Although Diamang could do little to prevent workers who were determined to injure themselves from doing so, it did try to reduce the number of workers who consciously allowed minor injuries to worsen in the hopes of securing a medical absence. A company document from 1971 spelled out both the problem and Diamang’s solution:

Some ailments that cause long stays in the hospital were originally only small injuries. These are attributable to the carelessness and short-sightedness of some workers, who minimise these injuries and at times even try to hide them(…). At lunch time, the mine boss and nurse will inspect all the workers, registering in a book the presence of those with injuries. All those with injuries will be placed in a separate formation and will receive a number, corresponding to the number written in the register of injuries. Only after this will he be served the meal. All workers with injuries will go to the first aid post to receive treatment …Before leaving the mine, the boss will verify if all those requiring treatment received it.Footnote 67

Final Encounters: ‘Repatriation’

The first stop for most contratados returning home, or undergoing ‘repatriation’, as the company referred to this journey back, was Dundo. Unlike when they first passed through the company’s headquarters, departing workers rarely performed tasks while there. Instead, they simply waited to collect rations for the journey and set out on foot or on company trucks.

While gathered in Dundo, workers also underwent a medical examination administered by SSD personnel that was meant to screen for the usual battery of afflictions with which Diamang was concerned, but also to measure any changes in weight experienced by workers over the course of their contracts.
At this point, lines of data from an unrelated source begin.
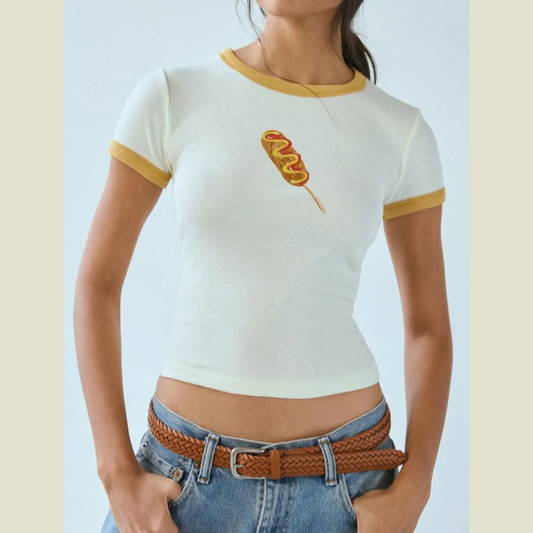 Graphic Round Neck Short Sleeve T-Shirt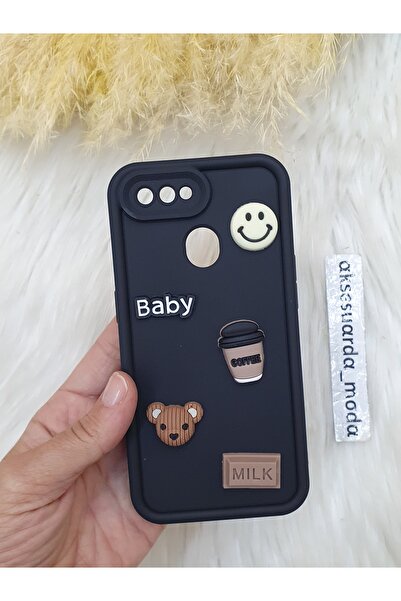 Aksesuarda Moda 0PPO  A5S - AX7 - A12  UYUMLU FİGÜRLÜ SİLİKON KILIF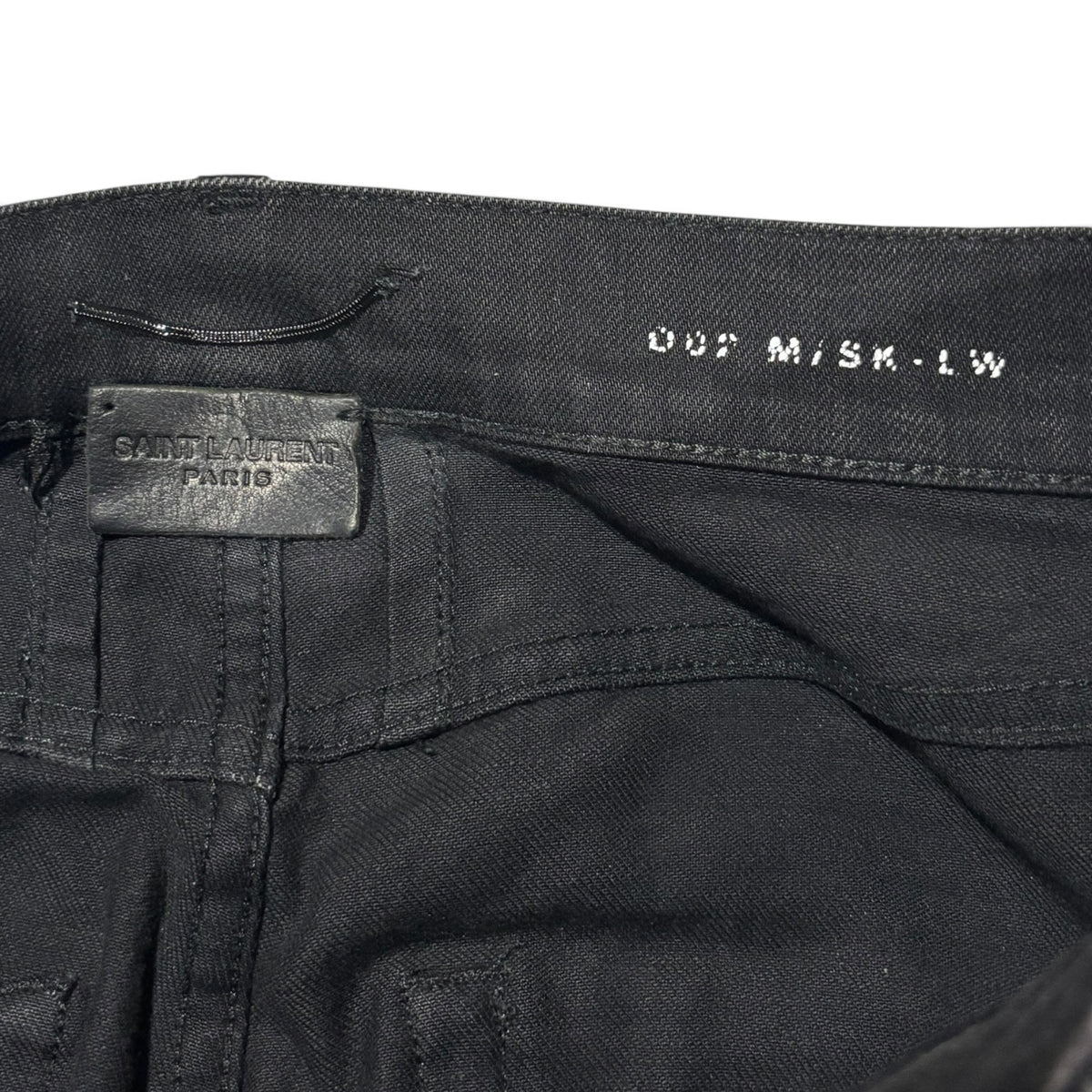 Saint Laurent AW16 Knee Rip D02 Denim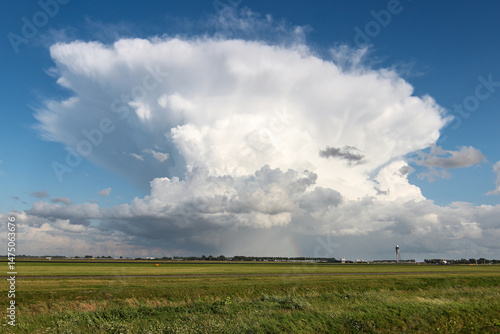 Cumulonimbus capillatus above Amsterdam Airport Schiphol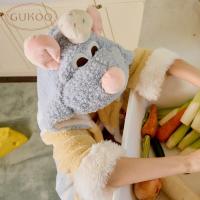 Gukoo/果壳睡袍冬季料理鼠王联名新款珊瑚绒保暖女士家居服睡袍D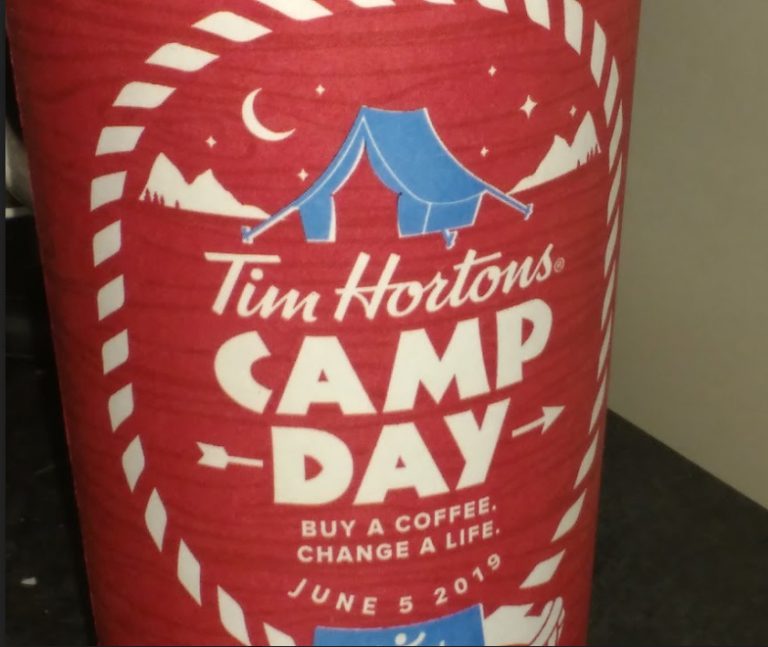 Camp Day at Tim Hortons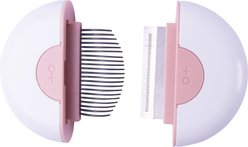 Pet Life LYNX 2-in-1 Travel Connecting Grooming Dog & Cat Comb & Deshedding Tool, Pink, Small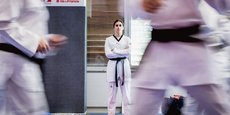 L’athlète de taekwondo Marzieh Hamidi s’est réfugiée en France en 2021, après l’arrivée au pouvoir des talibans en Afghanistan.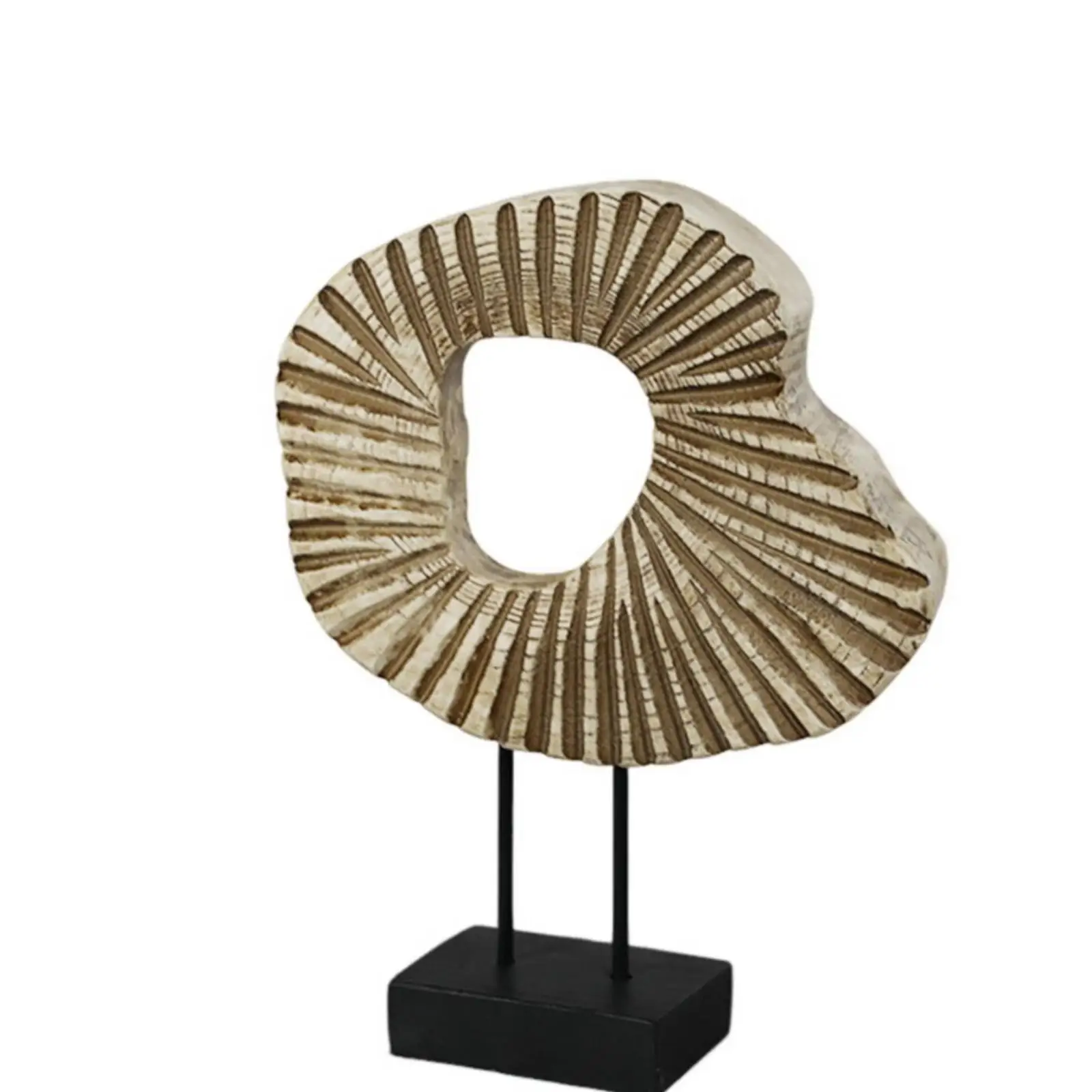 Abstract Sculpture Resin Geometric Loop Decor Modern Decorative Object for Living Room Display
In turn, the company employed the largely favourable data generated as evidence to rebut the international claims that increasingly began to materialise in the 1960s and 1970s that workers in Portugal’s colonies were undernourished and/or overworked. If Diamang’s figures are, in fact, accurate, they confirm that most workers were, at the very least, consuming a sufficient number of calories to more or less sustain their overall body weight during their contractual periods in the mines.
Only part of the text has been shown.